Everybody knows that a big international lindy hop event is the definition of a perfect pandemic super-spreading event?
– You get a heap of people together from different regions
– They do a heap of exercise, and they generate lots of saliva and snot and then they rub it all over their faces and and hands…
– And then they touch a zillion different other people, and they touch a zillion more, and then you have eleventy zillion people covered in goobs
– Oh, and everyone is shouting and laughing and coughing and sneezing and blowing respiratory droplets everywhere, including all over nondancing audience
– Then there’s a band full of people on a raised platform, blowing respiratory droplets out of canons and all over the crowd and each other.
That’s pretty shitty, right. But it gets worse.
The virus has an incubation period of 1-14 days. That means:
– You could get the virus, leave your home, fly to the event, attend the week long event, and fly home. All before you showed symptoms.
– You could be contagious during this period. And not know it.

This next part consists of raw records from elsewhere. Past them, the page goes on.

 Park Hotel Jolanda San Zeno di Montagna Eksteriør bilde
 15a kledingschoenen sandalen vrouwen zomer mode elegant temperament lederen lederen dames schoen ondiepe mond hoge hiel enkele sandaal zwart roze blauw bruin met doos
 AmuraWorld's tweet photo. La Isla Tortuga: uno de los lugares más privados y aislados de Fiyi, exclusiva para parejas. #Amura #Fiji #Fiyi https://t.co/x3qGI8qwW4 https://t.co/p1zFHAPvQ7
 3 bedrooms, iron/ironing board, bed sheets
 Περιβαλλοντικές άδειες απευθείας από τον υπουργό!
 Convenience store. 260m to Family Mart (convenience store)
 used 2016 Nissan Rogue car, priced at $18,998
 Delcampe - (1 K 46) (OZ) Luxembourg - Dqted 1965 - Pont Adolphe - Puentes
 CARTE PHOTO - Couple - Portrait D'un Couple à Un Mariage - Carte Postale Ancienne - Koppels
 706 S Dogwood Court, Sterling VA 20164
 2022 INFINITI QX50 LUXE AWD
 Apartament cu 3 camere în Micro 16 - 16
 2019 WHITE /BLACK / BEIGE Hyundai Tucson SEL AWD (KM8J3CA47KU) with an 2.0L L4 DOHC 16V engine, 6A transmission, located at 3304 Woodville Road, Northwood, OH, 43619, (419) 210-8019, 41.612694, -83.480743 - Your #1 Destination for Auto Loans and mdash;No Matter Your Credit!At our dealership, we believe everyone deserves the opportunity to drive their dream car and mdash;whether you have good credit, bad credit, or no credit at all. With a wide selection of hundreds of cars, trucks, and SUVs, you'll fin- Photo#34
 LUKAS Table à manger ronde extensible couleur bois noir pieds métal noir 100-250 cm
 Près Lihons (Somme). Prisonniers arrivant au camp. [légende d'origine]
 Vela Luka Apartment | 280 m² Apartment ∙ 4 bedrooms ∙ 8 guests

– Even if you only dance with 2 people the entire week, they may then go on to dance with 10 people and 20 people respectively. Who dance with anywhere from 2-50 people. And then they dance with 50 people… and so on.
– But you’re also coughing and touching elevator buttons and eating at the buffet breakfast.
– And you’re standing in line at registration. You’re toting about a bag and sweat towel and drink bottle. All covered in germs.
– All inside an air conditioned hotel with a closed air circulation.
Even if you think you’ll wash your hands and wear a mask, do you have the hygiene skills of an experienced surgeon who never makes mistakes and never gets fatigued?
No. You do not.
And that’s if only _one_ attendee is infected with the virus. Can you be sure that _all_ of the attendees are clear?
Even before we look at the health costs, what are the financial costs?
– Flights are far more expensive, and more likely to be cancelled with no notice. Can you handle a cancelled teacher at the last minute?
– What teacher would work at the event without a massive cancellation policy and huge pay rate? An idiot or a less-good teacher.
– Could your budget handle a smaller ticket sale?
– Insurance rates and policies have changed; are you properly insured?
– All staff will need additional hygiene and safety training. We can’t get organisers to do this to prevent rapes at events.
– You will need to provide masks and gloves, and know how to dispose of them all safely. And so will all your staff. If they’re prepared to take that risk.
– You won’t be able to use wristbands (because they need to be removed for proper hygiene), which means you’ll need a new rego system;
– You’ll have to clean all the class and workshops spaces to a much higher than usual level.
And what are the social costs?
– Your staff are going to be doing lots more work. And it’s stressful, skilled work.
….look, it’s not going to work. And it’s irresponsible to try.
We know that sexual harassment and assault tend to happen within a spectrum of exploitative behaviours. If we see an event where workers are routinely underpaid, overworked, asked to do things they don’t want to or that are unsafe, then we are likely to see sexual harassment as well.
So if we see a dance even being run at the current moment, then can we assume that an event taking risks with the virus is also risking the safety of workers and attendees in other ways? ie are they ok with hiring sexual offenders and with putting attendees and workers in positions where sexual harassment and assault happen?